維德的聲音不輕不重,足夠讓室內的人聽清楚,可窗邊糾纏的二人卻如同沒聽見維德的聲音,仍然投入地抱成一團。
揮灑著陽光的窗臺,飄動的窗簾,還有窗簾背后的人影,眼前的一幕荒謬得讓維德簡直有點想笑。
甚至比之前蘭德精神暴動,維德跑到關著蘭德的那間屋子,發現林斐近乎赤裸地待在蘭德身邊時還要荒謬。
精神暴動后,蘭德對醫生說他沒有這期間的記憶了,而眼前的一幕,卻明明白白地揭示了,蘭德不僅沒有失去記憶,還從那時候就開始和林斐勾搭上了。
維德大踏步走向窗邊,靴子與地板碰撞,敲擊出具有壓迫感的節奏。
其他雄蟲的接近,終于讓蘭德從幻夢中清醒過來,他如夢初醒地掀開把自己和林斐罩住的窗簾,往外看去,看清門外人影,他眼中因打擾而產生的低氣壓情緒被另一種情緒代替:
“哥?”
蘭德停下了動作,林斐卻仍然一無所覺般地攬著蘭德脖子,貼上去要親蘭德,他的眼神渙散,臉頰緋紅,嘴巴里輕聲嘟囔著“給我”“餓”。

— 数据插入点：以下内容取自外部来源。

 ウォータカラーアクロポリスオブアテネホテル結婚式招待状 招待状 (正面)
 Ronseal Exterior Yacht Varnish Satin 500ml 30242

林斐在哼哼唧唧地求愛,另一邊維德則板著一張臉直接在原地站定,一副要將毫不識趣貫徹到底的模樣。
蘭德沉下眉,快速抱著林斐走到沙發邊,拿起毯子把林斐包得嚴嚴實實,而后彎下腰,隨手撈起掉落的浴巾圍在腰間,做完這些事,林斐又黏糊糊地靠到了蘭德的身上,蘭德抱住林斐,看向維德。